_Task to carry out:_ Leave the pictures out. Return all other data exactly.
(Dataset extract begins)
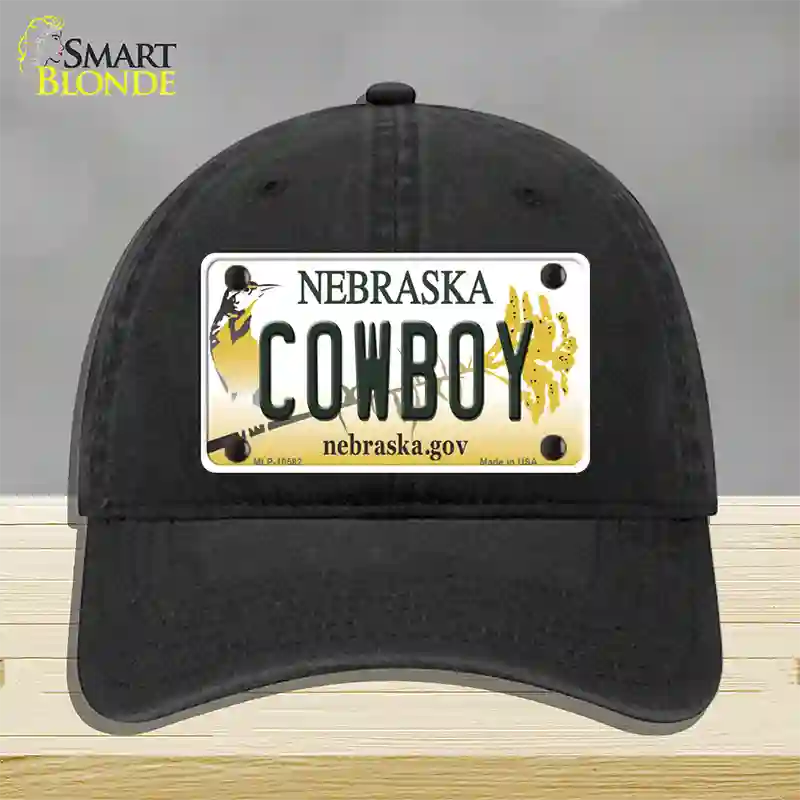 Cowboy Nebraska Novelty License Plate Hat Unconstructed Cotton / Black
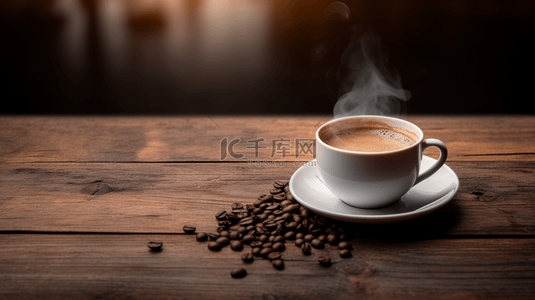 越南冰咖啡背景图片_写实咖啡杯咖啡豆木桌背景2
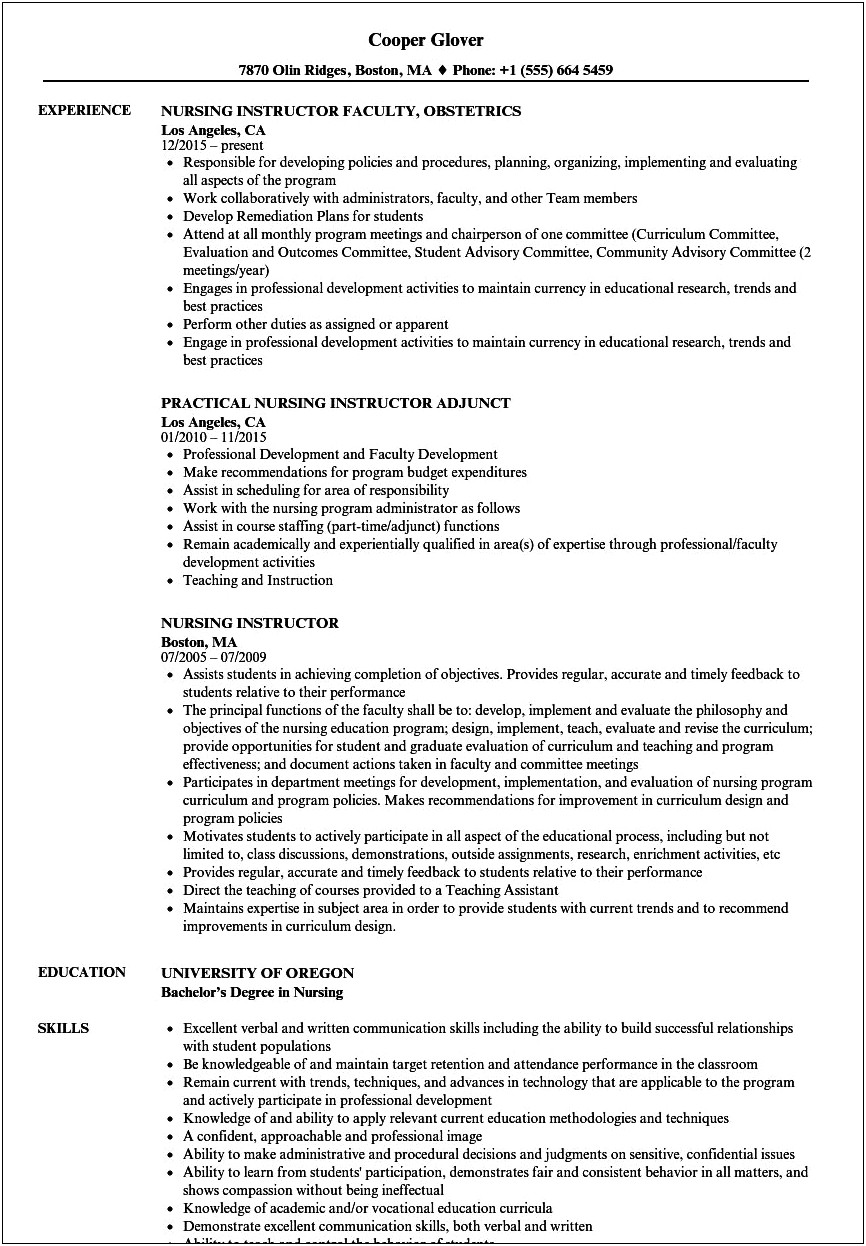 Bsn Course Of Work Write In Resume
(Dataset extract ends)
_Answer for this exercise:_
 Cowboy Nebraska Novelty License Plate Hat Unconstructed Cotton / Black
 越南冰咖啡背景图片_写实咖啡杯咖啡豆木桌背景2
 Bsn Course Of Work Write In Resume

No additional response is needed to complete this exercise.